Martin Luther King, Jr., waves to a massive crowd of civil rights marchers from the steps of the Lincoln Memorial in Washington, D.C.
Lewis’s powerful message succeeded in showing support for people pushing for urgent civil rights changes without encouraging violence. However, the last speech, by civil rights leader Martin Luther King, Jr., had the biggest impact on the crowd, reporters, and TV audiences. He spoke from his heart and not from his script, saying: I have a dream that my four little children will one day live in a nation where they will not be judged by the color of their skin but by the content of their character.
King’s powerful, calm words showed that he believed the quest for equality was just, and although it might take time, it would succeed. His speech went on to become one of the most famous in U.S. history.
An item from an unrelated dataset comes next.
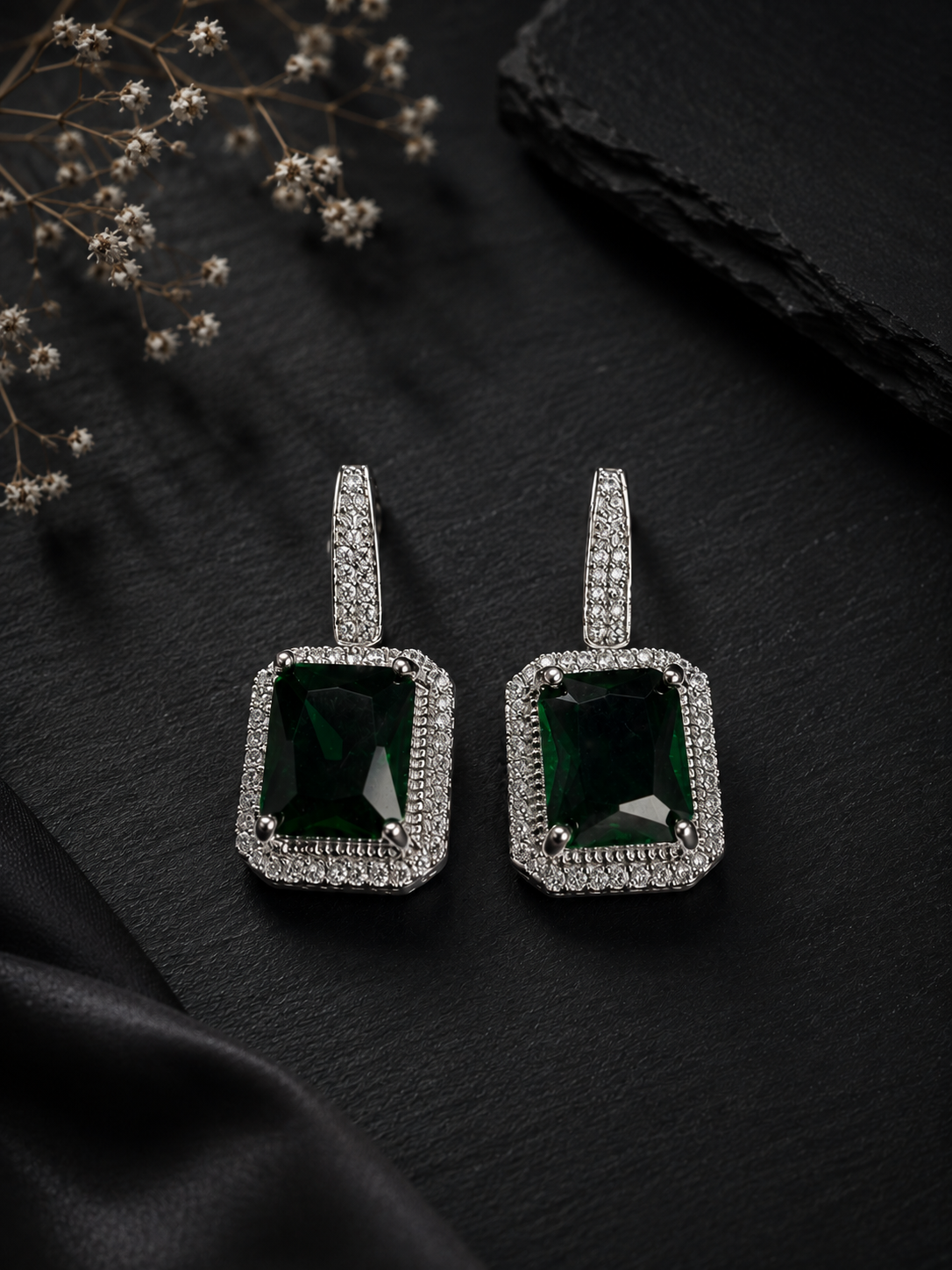 Elaris Green Drop Earrings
This march was the first time that the message of a U.S. civil rights protest had reached a widespread audience. But why had people decided they had to march? What kind of people were they, and where did they march?
WHAT WERE CIVIL RIGHTS?
Little Rock was separated…there were the white ladies bathroom and the black ladies’ bathroom… One day, I…decided that I wanted to know what was in a white ladies’ bathroom that I couldn’t see...so I went in there and, here are all these cops banging on the door... My mother was screaming, Don’t kill her!
… And there was nothing but toilets in there.
Melba Pattillo
Melba Pattillo was a teenager in the town of Little Rock, Arkansas, in the 1950s. The quote above is from an interview in later life describing what she experienced as a girl. Melba was just one of millions of U.S. citizens who could not choose where to go to the bathroom, eat, study, or sit on a bus because she was black.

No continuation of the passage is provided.